Material supplied –
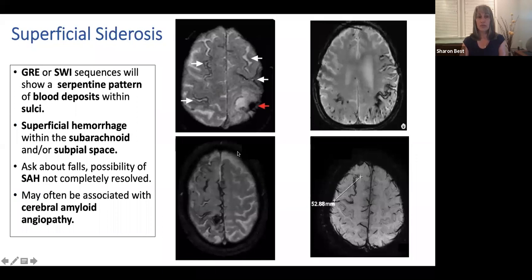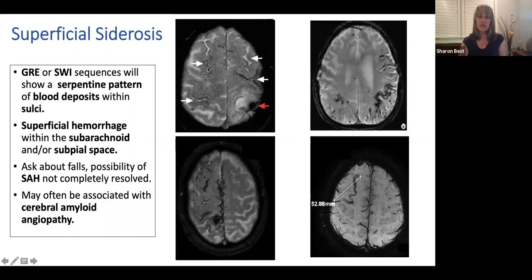We also have something called superficial siderosis. The subarachnoid space has many little vessels; if those vessels have cerebral amyloid angiopathy, they can also hemorrhage and the blood will travel around the sulci in a serpentine fashion — just like a subarachnoid hemorrhage would. We're going to look at the GRE or SWI sequence to pick up any blood products, whether superficial siderosis or microhemorrhages.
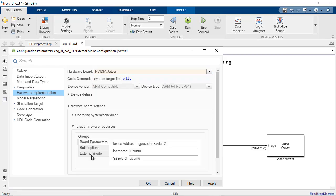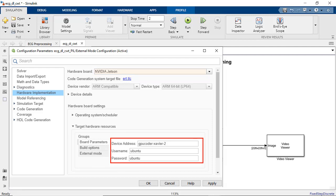From there, under Target Hardware Resources, specify parameters like Device Address, User Name and Password so Simulink can access it.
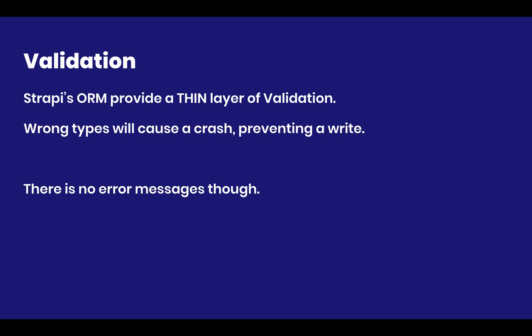Next up is validation. Strapi's ORM provides a thin layer of validation. That means that even though there is no real validation in Strapi as of now, the way the internals of Strapi works and the way the database works will make it so that most of the times, whenever you're making a write with data that are not corresponding, Strapi will try to cast them to a type that actually works.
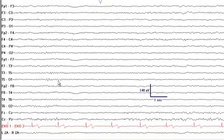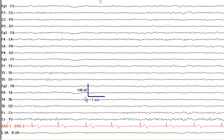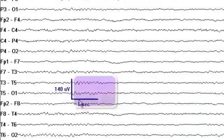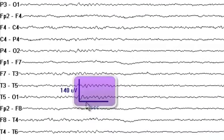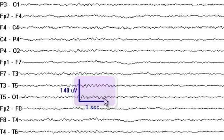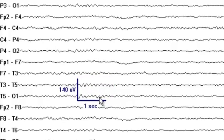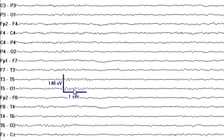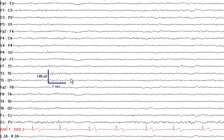You notice some theta frequency here. Counting the number of waves within one second, you get approximately 7 to 7.5 cycles, confirming this is theta frequency activity.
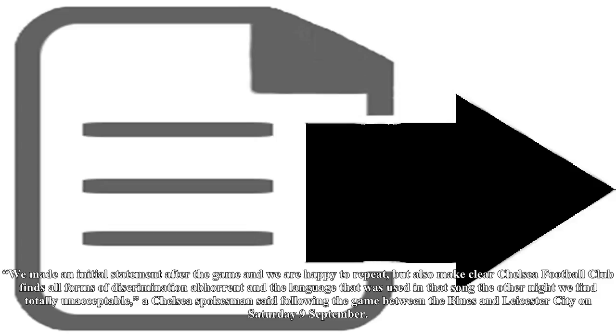We made an initial statement after the game and we are happy to repeat, but also make clear: Chelsea Football Club finds all forms of discrimination abhorrent and the language that was used in that song the other night we find totally unacceptable, a Chelsea spokesman said following the game between the Blues and Leicester City on Saturday, 9th September.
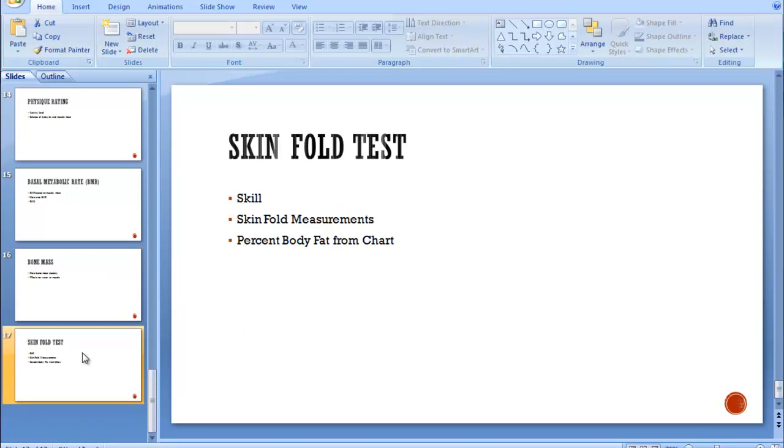And skinfold tests. We've talked about when you have to use a skinfold chart. That's going to be the skill that we use in class. Go in and find out your percent body fat and learn how to use calipers.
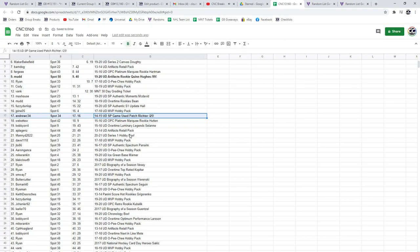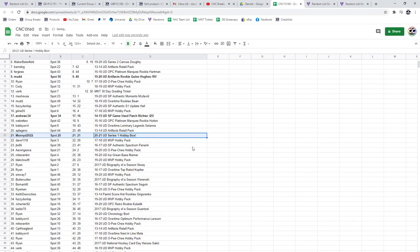The Series 1 box goes to MannyD2022. Congratulations, sir.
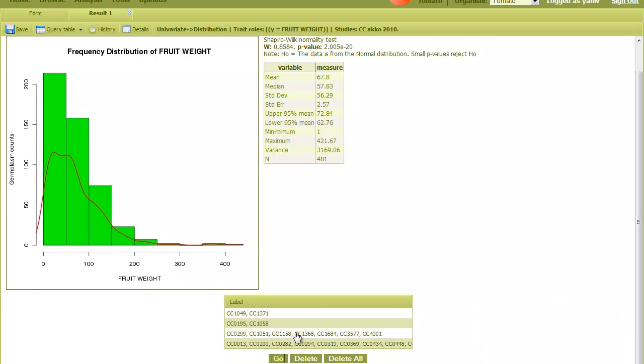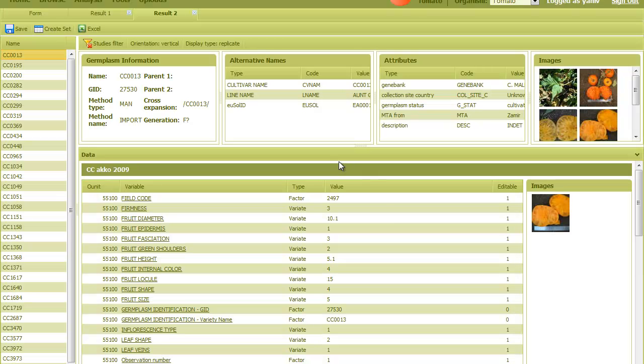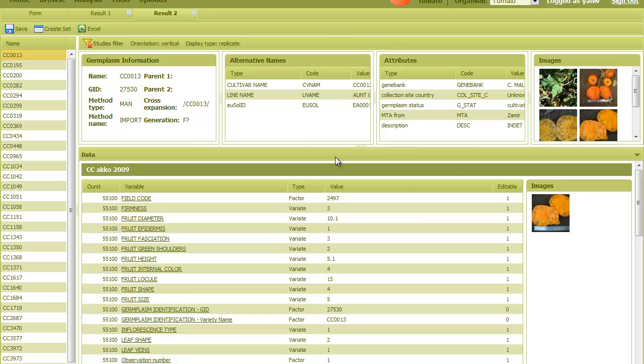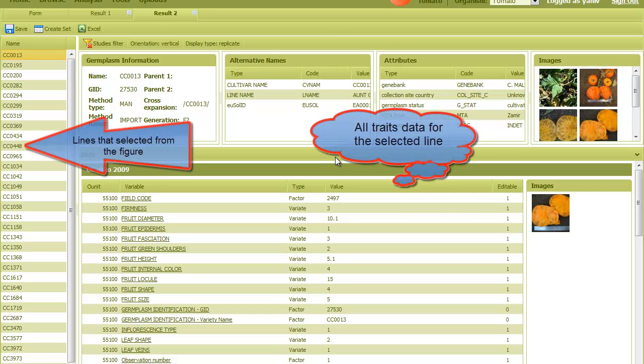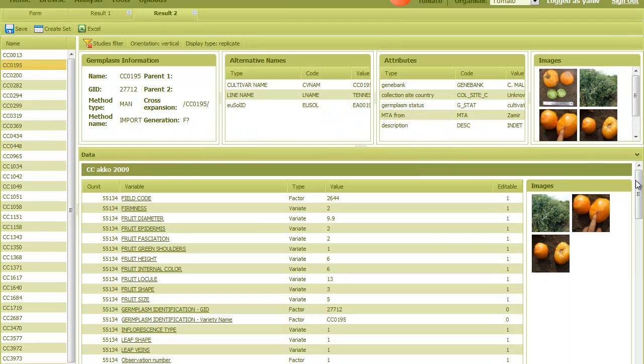Then I click over here, and another tab is opened that shows all data for all traits of the selected lines, including images. So I can browse the lines and see all the data about them.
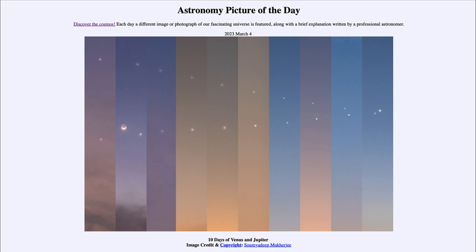Jupiter was higher than Venus for the first nine days, but by the tenth day it dropped down slightly below Venus. This pattern will continue — Venus getting higher and higher in the sky and Jupiter getting lower and lower.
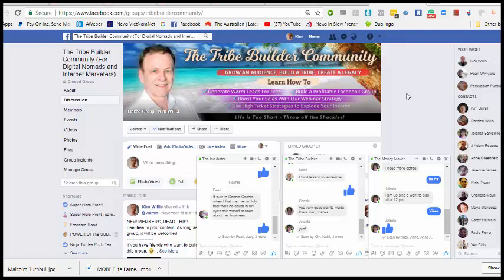Hi there, it's Kim Willis again and I've got a very short video for you but I think it's very important that you see this because it brings the whole group chat concept to life. Just trying to describe it is more difficult than it is to show it.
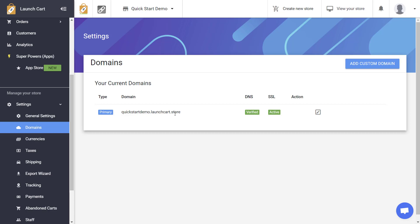This domain is your default domain, it comes free as part of the LaunchCart service, and you can use it forever. However, if you're one of the more experienced users or if you want to have a better brand, then you're probably going to opt in to use a custom domain name.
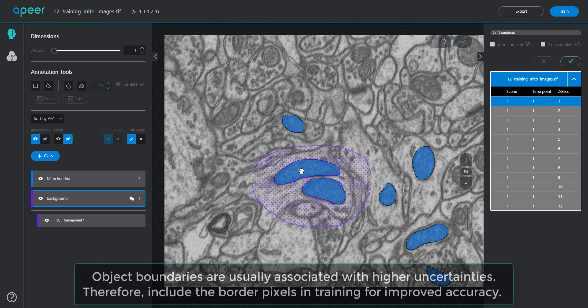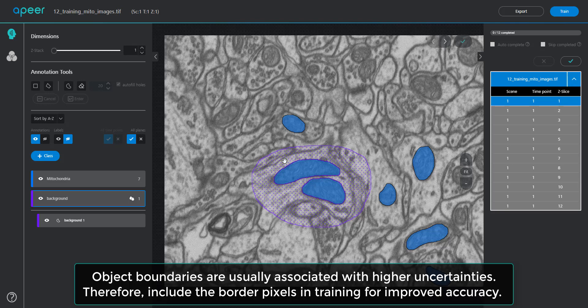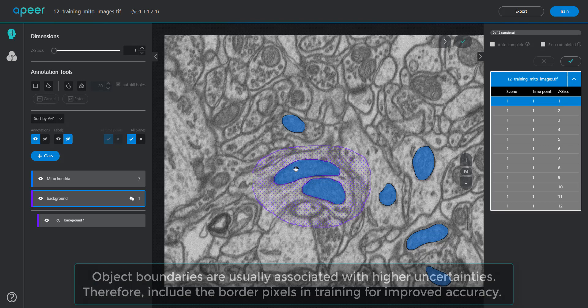In addition, it also defines the boundary between mitochondria and the background, thus ensuring higher accuracy for these regions that are usually associated with higher uncertainties.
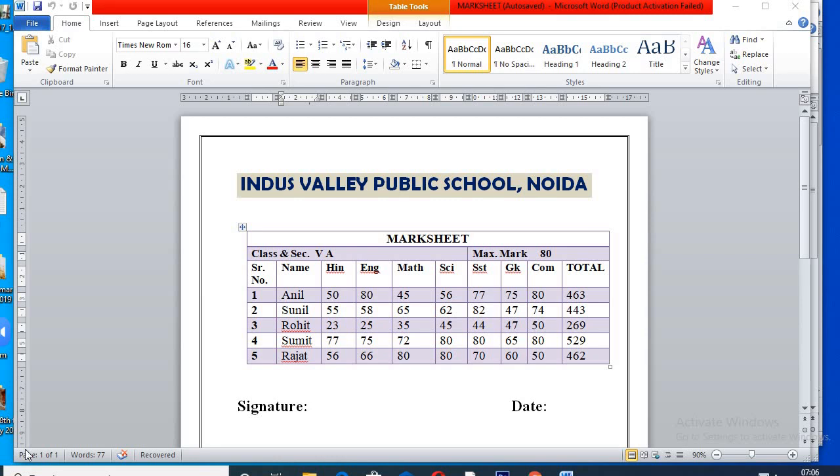Good morning all, I am Divya Gupta. I hope you all are enjoying these videos and not missing your computer lab classes. In the continuation of the topic working with tables, today we will create a marksheet and see the use of formula.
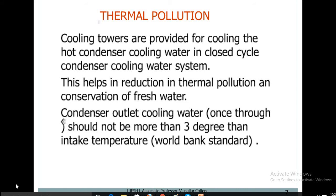Thermal pollution: Cooling towers are provided for cooling the hot condenser cooling water in a closed cycle condenser cooling water system. This helps in reduction of thermal pollution and conservation of fresh water. The condenser outlet cooled water temperature should not be more than 3 degrees above the intake temperature. A cooling tower is a heat rejection device that rejects waste heat into the atmosphere, normally used to cool water by direct contact between water and air.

Work request – Only one stretch of the listing is wanted: the lines starting at the one with "From there, under" and ending at the one with "Jupiter was higher", copied exactly and free of pictures.

Solved problem –
From there, under Target Hardware Resources, specify parameters like Device Address, User Name and Password so Simulink can access it.
Next up is validation. Strapi's ORM provides a thin layer of validation. That means that even though there is no real validation in Strapi as of now, the way the internals of Strapi works and the way the database works will make it so that most of the times, whenever you're making a write with data that are not corresponding, Strapi will try to cast them to a type that actually works.
You notice some theta frequency here. Counting the number of waves within one second, you get approximately 7 to 7.5 cycles, confirming this is theta frequency activity.
We made an initial statement after the game and we are happy to repeat, but also make clear: Chelsea Football Club finds all forms of discrimination abhorrent and the language that was used in that song the other night we find totally unacceptable, a Chelsea spokesman said following the game between the Blues and Leicester City on Saturday, 9th September.
And skinfold tests. We've talked about when you have to use a skinfold chart. That's going to be the skill that we use in class. Go in and find out your percent body fat and learn how to use calipers.
The Series 1 box goes to MannyD2022. Congratulations, sir.
Then I click over here, and another tab is opened that shows all data for all traits of the selected lines, including images. So I can browse the lines and see all the data about them.
Jupiter was higher than Venus for the first nine days, but by the tenth day it dropped down slightly below Venus. This pattern will continue — Venus getting higher and higher in the sky and Jupiter getting lower and lower.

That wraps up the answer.